-- Records supplied follows --

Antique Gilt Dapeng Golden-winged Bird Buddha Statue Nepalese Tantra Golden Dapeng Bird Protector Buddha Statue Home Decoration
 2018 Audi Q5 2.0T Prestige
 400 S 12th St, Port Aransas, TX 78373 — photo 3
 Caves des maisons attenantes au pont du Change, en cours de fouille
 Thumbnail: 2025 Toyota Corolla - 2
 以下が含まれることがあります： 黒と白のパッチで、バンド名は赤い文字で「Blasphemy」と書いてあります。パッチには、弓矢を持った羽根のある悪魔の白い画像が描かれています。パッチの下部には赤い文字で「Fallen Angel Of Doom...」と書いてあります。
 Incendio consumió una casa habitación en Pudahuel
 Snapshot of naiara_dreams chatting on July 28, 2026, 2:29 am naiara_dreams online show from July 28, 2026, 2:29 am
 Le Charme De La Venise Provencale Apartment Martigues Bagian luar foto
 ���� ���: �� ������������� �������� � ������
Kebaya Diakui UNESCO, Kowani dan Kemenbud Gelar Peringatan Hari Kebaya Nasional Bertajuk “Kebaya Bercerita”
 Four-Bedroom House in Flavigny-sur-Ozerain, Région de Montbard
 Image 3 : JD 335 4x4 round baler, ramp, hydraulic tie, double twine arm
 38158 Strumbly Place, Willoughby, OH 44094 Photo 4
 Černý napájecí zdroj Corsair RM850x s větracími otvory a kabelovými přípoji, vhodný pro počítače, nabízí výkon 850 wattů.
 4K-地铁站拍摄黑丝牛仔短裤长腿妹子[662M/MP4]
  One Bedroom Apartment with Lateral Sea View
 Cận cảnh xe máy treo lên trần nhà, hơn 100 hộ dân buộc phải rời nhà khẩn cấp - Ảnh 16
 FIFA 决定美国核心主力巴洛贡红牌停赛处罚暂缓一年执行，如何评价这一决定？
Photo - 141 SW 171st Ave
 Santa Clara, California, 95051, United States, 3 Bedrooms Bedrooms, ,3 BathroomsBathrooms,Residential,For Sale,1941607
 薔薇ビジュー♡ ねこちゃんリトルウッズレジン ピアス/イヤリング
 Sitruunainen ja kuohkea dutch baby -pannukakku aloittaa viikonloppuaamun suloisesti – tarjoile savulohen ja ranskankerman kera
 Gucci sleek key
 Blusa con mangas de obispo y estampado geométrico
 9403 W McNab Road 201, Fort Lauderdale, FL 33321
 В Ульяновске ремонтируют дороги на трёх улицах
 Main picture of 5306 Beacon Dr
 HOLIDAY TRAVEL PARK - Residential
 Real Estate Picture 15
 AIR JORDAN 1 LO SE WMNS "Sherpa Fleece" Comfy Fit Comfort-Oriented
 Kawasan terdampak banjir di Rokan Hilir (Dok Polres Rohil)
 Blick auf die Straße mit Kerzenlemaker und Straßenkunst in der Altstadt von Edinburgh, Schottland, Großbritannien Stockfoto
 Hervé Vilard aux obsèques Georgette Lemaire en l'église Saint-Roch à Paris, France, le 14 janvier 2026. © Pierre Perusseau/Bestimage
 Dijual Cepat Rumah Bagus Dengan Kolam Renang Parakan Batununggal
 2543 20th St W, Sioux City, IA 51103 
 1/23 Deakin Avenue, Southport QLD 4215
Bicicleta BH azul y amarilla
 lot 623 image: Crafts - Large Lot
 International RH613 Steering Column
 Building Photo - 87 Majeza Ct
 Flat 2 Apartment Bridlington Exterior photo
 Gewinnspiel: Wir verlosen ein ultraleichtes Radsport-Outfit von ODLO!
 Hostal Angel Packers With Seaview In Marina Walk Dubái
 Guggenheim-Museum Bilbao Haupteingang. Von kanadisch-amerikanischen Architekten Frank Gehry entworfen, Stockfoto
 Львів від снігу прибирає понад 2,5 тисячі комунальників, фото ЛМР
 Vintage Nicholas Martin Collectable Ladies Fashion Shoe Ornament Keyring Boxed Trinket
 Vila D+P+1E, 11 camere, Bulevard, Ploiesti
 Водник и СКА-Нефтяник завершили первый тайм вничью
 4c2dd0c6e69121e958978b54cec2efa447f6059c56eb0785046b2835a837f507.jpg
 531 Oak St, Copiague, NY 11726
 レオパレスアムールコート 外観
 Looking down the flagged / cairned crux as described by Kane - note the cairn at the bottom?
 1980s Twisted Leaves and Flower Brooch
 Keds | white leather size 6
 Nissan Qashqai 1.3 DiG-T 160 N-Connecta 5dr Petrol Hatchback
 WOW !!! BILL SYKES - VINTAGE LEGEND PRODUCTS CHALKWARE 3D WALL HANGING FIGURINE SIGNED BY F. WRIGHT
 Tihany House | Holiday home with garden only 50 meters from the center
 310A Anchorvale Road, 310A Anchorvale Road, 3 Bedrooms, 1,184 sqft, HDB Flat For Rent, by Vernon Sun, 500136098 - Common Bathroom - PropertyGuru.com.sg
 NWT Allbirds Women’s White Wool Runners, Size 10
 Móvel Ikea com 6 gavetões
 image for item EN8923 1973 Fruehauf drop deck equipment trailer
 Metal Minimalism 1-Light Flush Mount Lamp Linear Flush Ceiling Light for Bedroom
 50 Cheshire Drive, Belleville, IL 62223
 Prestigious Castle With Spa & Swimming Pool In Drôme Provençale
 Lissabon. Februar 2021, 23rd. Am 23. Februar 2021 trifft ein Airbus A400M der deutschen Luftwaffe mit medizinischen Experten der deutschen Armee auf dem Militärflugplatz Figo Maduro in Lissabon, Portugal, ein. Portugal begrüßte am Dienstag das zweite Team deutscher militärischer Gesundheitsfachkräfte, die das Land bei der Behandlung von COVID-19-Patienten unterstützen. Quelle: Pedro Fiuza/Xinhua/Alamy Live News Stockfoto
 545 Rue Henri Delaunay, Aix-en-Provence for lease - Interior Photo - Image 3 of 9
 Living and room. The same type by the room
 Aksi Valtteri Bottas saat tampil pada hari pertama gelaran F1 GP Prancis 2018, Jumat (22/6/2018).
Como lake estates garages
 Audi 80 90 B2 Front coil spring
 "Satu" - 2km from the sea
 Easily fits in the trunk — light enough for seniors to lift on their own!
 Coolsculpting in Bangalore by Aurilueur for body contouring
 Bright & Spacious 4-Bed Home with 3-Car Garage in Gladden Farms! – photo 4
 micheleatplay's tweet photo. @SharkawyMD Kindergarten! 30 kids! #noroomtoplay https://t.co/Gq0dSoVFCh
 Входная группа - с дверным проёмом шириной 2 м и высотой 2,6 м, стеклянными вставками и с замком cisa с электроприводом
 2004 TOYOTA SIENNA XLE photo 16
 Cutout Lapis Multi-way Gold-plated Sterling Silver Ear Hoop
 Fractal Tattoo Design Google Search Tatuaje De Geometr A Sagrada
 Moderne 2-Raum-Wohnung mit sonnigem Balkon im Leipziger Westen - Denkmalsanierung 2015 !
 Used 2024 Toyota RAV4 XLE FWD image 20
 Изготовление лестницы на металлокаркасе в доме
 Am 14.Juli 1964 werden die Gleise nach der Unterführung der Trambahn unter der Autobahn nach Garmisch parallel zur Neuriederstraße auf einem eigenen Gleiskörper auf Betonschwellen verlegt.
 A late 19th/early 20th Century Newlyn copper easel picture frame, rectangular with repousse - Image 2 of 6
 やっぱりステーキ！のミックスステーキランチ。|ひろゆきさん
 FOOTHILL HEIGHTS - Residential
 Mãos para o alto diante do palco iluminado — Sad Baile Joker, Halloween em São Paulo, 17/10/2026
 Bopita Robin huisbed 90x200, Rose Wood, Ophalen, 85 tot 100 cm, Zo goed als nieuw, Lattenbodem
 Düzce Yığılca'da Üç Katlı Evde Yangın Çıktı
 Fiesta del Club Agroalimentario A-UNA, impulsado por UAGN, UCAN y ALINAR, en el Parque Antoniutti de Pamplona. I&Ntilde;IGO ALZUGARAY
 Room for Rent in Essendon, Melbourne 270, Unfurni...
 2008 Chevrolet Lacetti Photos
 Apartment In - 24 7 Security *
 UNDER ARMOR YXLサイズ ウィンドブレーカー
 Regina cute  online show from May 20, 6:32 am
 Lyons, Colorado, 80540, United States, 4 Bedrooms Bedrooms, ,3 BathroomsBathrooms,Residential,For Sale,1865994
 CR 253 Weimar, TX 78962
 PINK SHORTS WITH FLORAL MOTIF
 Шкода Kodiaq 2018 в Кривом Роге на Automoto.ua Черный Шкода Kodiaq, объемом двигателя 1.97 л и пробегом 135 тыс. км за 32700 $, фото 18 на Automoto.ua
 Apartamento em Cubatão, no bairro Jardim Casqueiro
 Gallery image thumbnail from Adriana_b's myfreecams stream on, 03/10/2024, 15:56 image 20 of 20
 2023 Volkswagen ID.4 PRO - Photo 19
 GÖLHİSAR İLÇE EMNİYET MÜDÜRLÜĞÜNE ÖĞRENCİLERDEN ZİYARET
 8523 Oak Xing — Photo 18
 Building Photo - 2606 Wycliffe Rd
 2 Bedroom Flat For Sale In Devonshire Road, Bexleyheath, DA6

-- Records supplied concluded --

> **What to do**
What you return must be an exact retyping of the lines above starting at the line with "NWT Allbirds Women’s" and ending at the line with "from the sea", and nothing besides.

> **Completed task**
 NWT Allbirds Women’s White Wool Runners, Size 10
 Móvel Ikea com 6 gavetões
 image for item EN8923 1973 Fruehauf drop deck equipment trailer
 Metal Minimalism 1-Light Flush Mount Lamp Linear Flush Ceiling Light for Bedroom
 50 Cheshire Drive, Belleville, IL 62223
 Prestigious Castle With Spa & Swimming Pool In Drôme Provençale
 Lissabon. Februar 2021, 23rd. Am 23. Februar 2021 trifft ein Airbus A400M der deutschen Luftwaffe mit medizinischen Experten der deutschen Armee auf dem Militärflugplatz Figo Maduro in Lissabon, Portugal, ein. Portugal begrüßte am Dienstag das zweite Team deutscher militärischer Gesundheitsfachkräfte, die das Land bei der Behandlung von COVID-19-Patienten unterstützen. Quelle: Pedro Fiuza/Xinhua/Alamy Live News Stockfoto
 545 Rue Henri Delaunay, Aix-en-Provence for lease - Interior Photo - Image 3 of 9
 Living and room. The same type by the room
 Aksi Valtteri Bottas saat tampil pada hari pertama gelaran F1 GP Prancis 2018, Jumat (22/6/2018).
Como lake estates garages
 Audi 80 90 B2 Front coil spring
 "Satu" - 2km from the sea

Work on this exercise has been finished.